[PATCH v6 6/8] arm64: KVM: Add interface to set guest value for TRFCR register

Marc Zyngier maz at kernel.org
Mon Feb 26 07:01:35 PST 2024


On Mon, 26 Feb 2024 11:30:34 +0000,
James Clark <james.clark at arm.com> wrote:
> 
> Add an interface for the Coresight driver to use to set the value of the
> TRFCR register for the guest. This register controls the exclude

This is not *for* the guest. It is the *host* value while running the
guest.

> settings for trace at different exception levels, and is used to honor
> the exclude_host and exclude_guest parameters from the Perf session.
> This will be used to later write TRFCR_EL1 on nVHE at guest switch. For
> VHE, the host trace is controlled by TRFCR_EL2 and thus we can write to
> the TRFCR_EL1 immediately. Because guest writes to the register are
> trapped, the value will persist and can't be modified.

See?

> 
> Instead of adding a load of infrastructure to share the host's per-cpu
> offsets with the hypervisor, just define the new storage as a NR_CPUS
> array.
> 
> Signed-off-by: James Clark <james.clark at arm.com>
> ---
>  arch/arm64/include/asm/kvm_host.h |  3 +++
>  arch/arm64/kernel/image-vars.h    |  1 +
>  arch/arm64/kvm/debug.c            | 29 +++++++++++++++++++++++++++++
>  3 files changed, 33 insertions(+)
> 
> diff --git a/arch/arm64/include/asm/kvm_host.h b/arch/arm64/include/asm/kvm_host.h
> index 85b5477bd1b4..56b7f7eca195 100644
> --- a/arch/arm64/include/asm/kvm_host.h
> +++ b/arch/arm64/include/asm/kvm_host.h
> @@ -509,6 +509,7 @@ struct kvm_host_psci_config {
>  	bool psci_0_1_cpu_off_implemented;
>  	bool psci_0_1_migrate_implemented;
>  };
> +extern u64 ____cacheline_aligned kvm_guest_trfcr[NR_CPUS];

Great. So you are making it a guarantee that this is going to
ping-pong on every CPU that accesses this stuff. I'm sure my nVHE 64
core system is going to enjoy it. Not.

Look, we already have some per-CPU context: it's called kvm_host_data,
and we link to it from each and every vcpu. So as long as you're in
the context of a vcpu, you have access to it. Simples. We even have
accessors that pick the correct instance between VHE and (n/h)VHE.
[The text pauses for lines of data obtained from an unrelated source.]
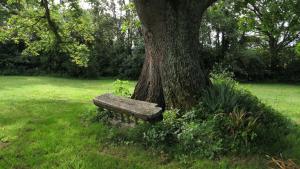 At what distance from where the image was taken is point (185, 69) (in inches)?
215

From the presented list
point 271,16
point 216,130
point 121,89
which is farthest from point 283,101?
point 216,130

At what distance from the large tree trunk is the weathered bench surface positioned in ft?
1.46

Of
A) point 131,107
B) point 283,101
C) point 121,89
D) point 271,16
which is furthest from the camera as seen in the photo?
point 283,101

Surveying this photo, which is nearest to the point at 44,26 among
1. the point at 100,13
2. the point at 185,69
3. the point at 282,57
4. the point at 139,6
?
the point at 139,6

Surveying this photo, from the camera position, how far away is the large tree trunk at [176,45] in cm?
544

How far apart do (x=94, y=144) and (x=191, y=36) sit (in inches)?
101

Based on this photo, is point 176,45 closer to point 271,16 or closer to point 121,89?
point 121,89

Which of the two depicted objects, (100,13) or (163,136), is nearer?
(163,136)

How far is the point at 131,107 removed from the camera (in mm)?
5418

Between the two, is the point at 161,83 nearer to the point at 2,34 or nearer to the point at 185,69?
the point at 185,69

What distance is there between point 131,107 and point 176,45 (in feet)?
4.43

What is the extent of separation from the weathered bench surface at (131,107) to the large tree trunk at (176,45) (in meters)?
0.45

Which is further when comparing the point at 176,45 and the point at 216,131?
the point at 176,45

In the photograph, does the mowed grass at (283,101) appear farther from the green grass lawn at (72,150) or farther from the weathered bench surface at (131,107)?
the green grass lawn at (72,150) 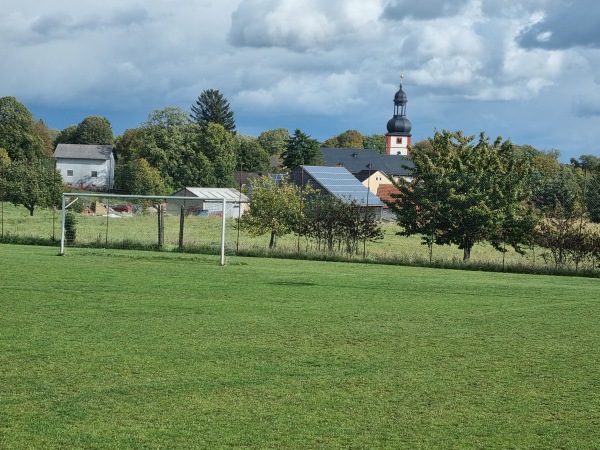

What is wrong with using that?

>  
>  extern struct kvm_host_psci_config kvm_nvhe_sym(kvm_host_psci_config);
>  #define kvm_host_psci_config CHOOSE_NVHE_SYM(kvm_host_psci_config)
> @@ -1174,6 +1175,7 @@ void kvm_arch_vcpu_put_debug_state_flags(struct kvm_vcpu *vcpu);
>  void kvm_set_pmu_events(u32 set, struct perf_event_attr *attr);
>  void kvm_clr_pmu_events(u32 clr);
>  bool kvm_set_pmuserenr(u64 val);
> +void kvm_etm_set_guest_trfcr(u64 trfcr_guest);
>  #else
>  static inline void kvm_set_pmu_events(u32 set, struct perf_event_attr *attr) {}
>  static inline void kvm_clr_pmu_events(u32 clr) {}
> @@ -1181,6 +1183,7 @@ static inline bool kvm_set_pmuserenr(u64 val)
>  {
>  	return false;
>  }
> +static inline void kvm_etm_set_guest_trfcr(u64 trfcr_guest) {}
>  #endif
>  
>  void kvm_vcpu_load_vhe(struct kvm_vcpu *vcpu);
> diff --git a/arch/arm64/kernel/image-vars.h b/arch/arm64/kernel/image-vars.h
> index 31daa1da191c..fe9e2bd7f43a 100644
> --- a/arch/arm64/kernel/image-vars.h
> +++ b/arch/arm64/kernel/image-vars.h
> @@ -59,6 +59,7 @@ KVM_NVHE_ALIAS(alt_cb_patch_nops);
>  
>  /* Global kernel state accessed by nVHE hyp code. */
>  KVM_NVHE_ALIAS(kvm_vgic_global_state);
> +KVM_NVHE_ALIAS(kvm_guest_trfcr);
>  
>  /* Kernel symbols used to call panic() from nVHE hyp code (via ERET). */
>  KVM_NVHE_ALIAS(nvhe_hyp_panic_handler);
> diff --git a/arch/arm64/kvm/debug.c b/arch/arm64/kvm/debug.c
> index 49a13e72ddd2..fe90bc7d6dd4 100644
> --- a/arch/arm64/kvm/debug.c
> +++ b/arch/arm64/kvm/debug.c
> @@ -22,6 +22,7 @@
>  				DBG_MDSCR_MDE)
>  
>  static DEFINE_PER_CPU(u64, mdcr_el2);
> +u64 ____cacheline_aligned kvm_guest_trfcr[NR_CPUS];
>  
>  /*
>   * save/restore_guest_debug_regs
> @@ -359,3 +360,31 @@ void kvm_arch_vcpu_put_debug_state_flags(struct kvm_vcpu *vcpu)
>  	vcpu_clear_flag(vcpu, DEBUG_STATE_SAVE_TRBE);
>  	vcpu_clear_flag(vcpu, DEBUG_STATE_SAVE_TRFCR);
>  }
> +
> +/*
> + * Interface for the Coresight driver to use to set the value of the TRFCR

nit: s/to use//

> + * register for the guest. This register controls the exclude settings for trace

s/for the guest/for *tracing* the guest/

> + * at different exception levels, and is used to honor the exclude_host and
> + * exclude_guest parameters from the Perf session.
> + *
> + * This will be used to later write TRFCR_EL1 on nVHE at guest switch. For VHE,
> + * the host trace is controlled by TRFCR_EL2 and thus we can write to the

s/to the/to/

> + * TRFCR_EL1 immediately. Because guest writes to the register are trapped, the
> + * value will persist and can't be modified. For pKVM, kvm_guest_trfcr can't
> + * be read by the hypervisor, so don't bother writing it.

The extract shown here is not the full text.